Todo extremista tem um espelho secreto. Não é feito de vidro, mas de medo. Diante dele, o outro nunca é realmente o outro. Para ele é apenas a sombra do mesmo. Acusa para não ser acusado, aponta para não ser apontado.
A retórica do fanático veste a máscara da moralidade, mas os gestos traem: o que denuncia é exatamente o que pratica. A fúria contra a intolerância nasce do próprio coração intolerante. O grito contra a censura vem da boca que cala. A cruzada contra a violência parte da mão que fere.
Esse mecanismo é antigo como as guerras santas e recente como as discussões nas redes. Basta um post para que a projeção se faça altar, e a plateia, de tão cansada de nuance, aplauda o eco em vez da palavra.
O extremista não suporta o silêncio, porque nele poderia ouvir a si mesmo.

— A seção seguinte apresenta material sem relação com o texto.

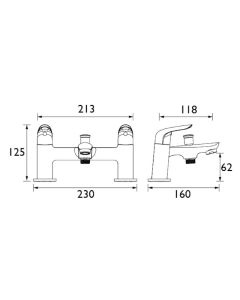 Essentials Aster Deck Bath Shower Mixer Chrome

E não suporta o espelho, porque nele poderia reconhecer o reflexo do que tanto acusa. Por isso inventa inimigos, coleciona fantasmas, multiplica monstros: precisa deles para se convencer de que não é um.
Mas há uma fresta: quando o espelho trinca, quando a acusação encontra resistência, a máscara cai. E talvez ali, no caco que ainda reflete, reste a chance de enxergar que ninguém se torna puro por nomear o impuro.
Esta crônica termina sem alívio. Porque o ciclo continua. E o extremista, cego de si, ainda chama o outro de sombra sem perceber que é a própria luz que não sabe atravessar.